The only problem is the wider Yes campaign and the wider SNP membership, who had been under the impression that they were putting their hands in their pockets and donating, and were out there in the cold delivering leaflets, because the SNP was the vehicle for Independence, not just to support Scotland’s very own highly paid ruling political class. These people continually applied inconvenient pressure, both online where their criticisms of the BBC and other establishment pillars were an embarrassment to the comfortably ensconced, and by continual street activity as through AUOB.

Nicola has had to make repeated SNP conference speeches and every time been forced to pretend she is interested in pursuing Independence at a future date. Surely, SNP HQ thinking runs, it would be better to take some of the pressure off her by hobbling support for the pesky online Independence supporters and those noisy marchers?

AUOB had applied to Glasgow City Council in September for permission to hold the recent march. As it was a repeat of the entirely peaceful and successful one last year, there was no reason to suppose any problem might arise. Then just ten days before the march, Glasgow City Council called the organisers to a meeting and demanded the start time be moved forward from 1.30pm to 11am because of “potential disruption” and “public order concerns”.

The proposed change was quite openly an attempt to reduce the numbers on the march for “ahem” reasons of public order. The organisers made plain that it was not possible at that late stage to make the change. The march had been widely advertised, coaches had been booked, and people were quite literally traveling from all over Scotland – which of course is what Glasgow City Council were precisely trying to prevent.

A committee of two SNP and one Green councillor, completely ignoring the entirely trouble free experience of the previous year, ruled that the march must kick off at 11am. Manny simply responded that in the interests of free speech, he would ignore the council’s ruling, and he did so, with great success.

The proof of the pudding is of course in the eating. The Council was simply wrong – there were in fact zero public order or safety problems involved in the march, and their pretended concern stands revealed for what it was, a pathetic attempt to hamper free speech and hobble the demonstration of massive public support for Independence. Even the SNP Deputy Leader Keith Brown turned up, though he said pretty well nothing about Independence while introducing the SNP candidates for the Euro elections.

In view that their pretended concerns proved – as everybody always knew – completely unfounded, the councillors involved stand exposed as despicable abusers of the power they were granted by the very people who were marching.

It appears from Ms Spear’s tweet that it is SNP run Glasgow Council – and I would bet after consultation with SNP HQ – who have now doubled down on their stupidity and arbitrary repression by ordering police to effect Manny’s arrest. Well, there are 100,000 of us at least who would happily stand beside him in the dock.

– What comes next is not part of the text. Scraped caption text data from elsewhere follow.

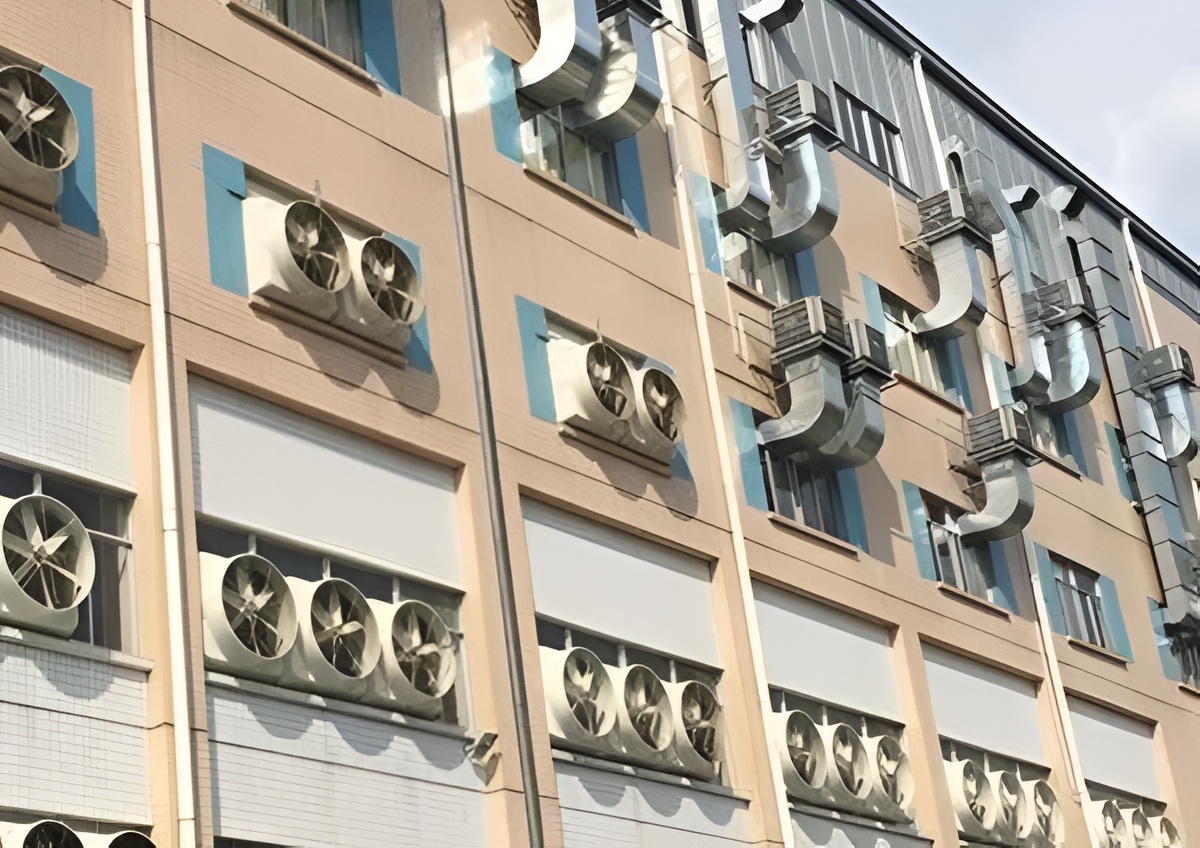 大型廠(chǎng)房如何選擇安裝適合的降溫設(shè)備呢？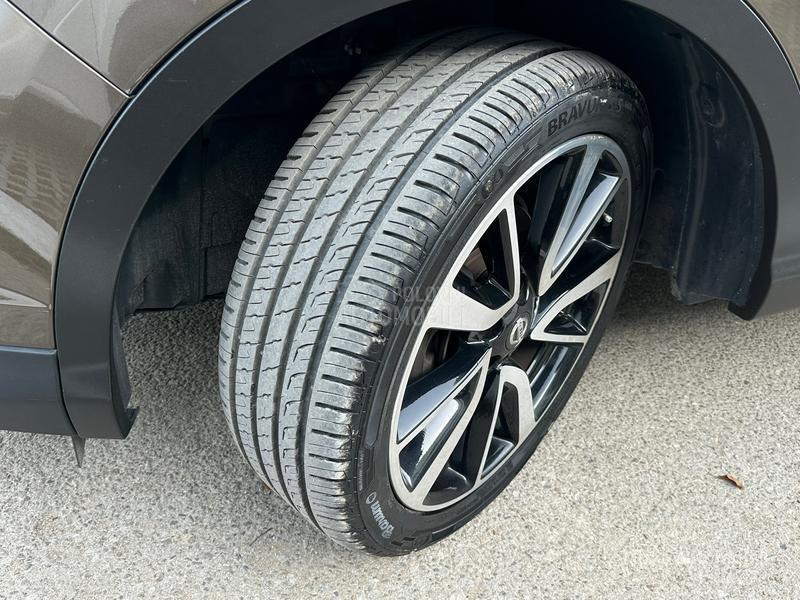 Nissan Qashqai 1.6 DCI 4x4 Kam Pano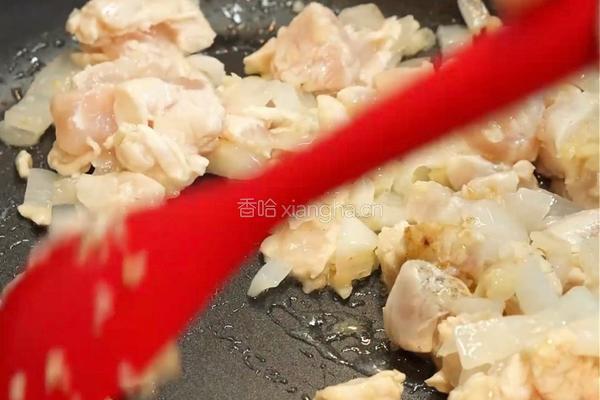 芝士番茄鸡肉焗意面的做法图解2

The man who has organised the most successful pro-Indy campaigning since 2014 has been arrested, just for doing precisely that. Yet so far there has been not a single gesture of support for Manny, public or private, from any of the SNP hierarchy. Why do you think that is?

The attempt to hobble and limit the AUOB march, and the extraordinary four page entirely unprovoked attack the next day on “cybernats”, form part of a coordinated effort by the SNP leadership to control the wider Yes movement and subdue the demand for early Independence. They failed with AUOB due to Manny’s courage and integrity – hence the vindictive order for his arrest.

UPDATE

I wrote this before seeing this excellent article from Paul Kavanagh, which makes precisely the same arguments. Paul commands much broader respect than I do across the Independence movement, peculiarly enough because it took him two years longer to spot, or at least speak out about, the problem with Sturgeon and Murrell than it took me. But if you read the comments on his article, you will see that there is massive agreement on this from numerous long term SNP members.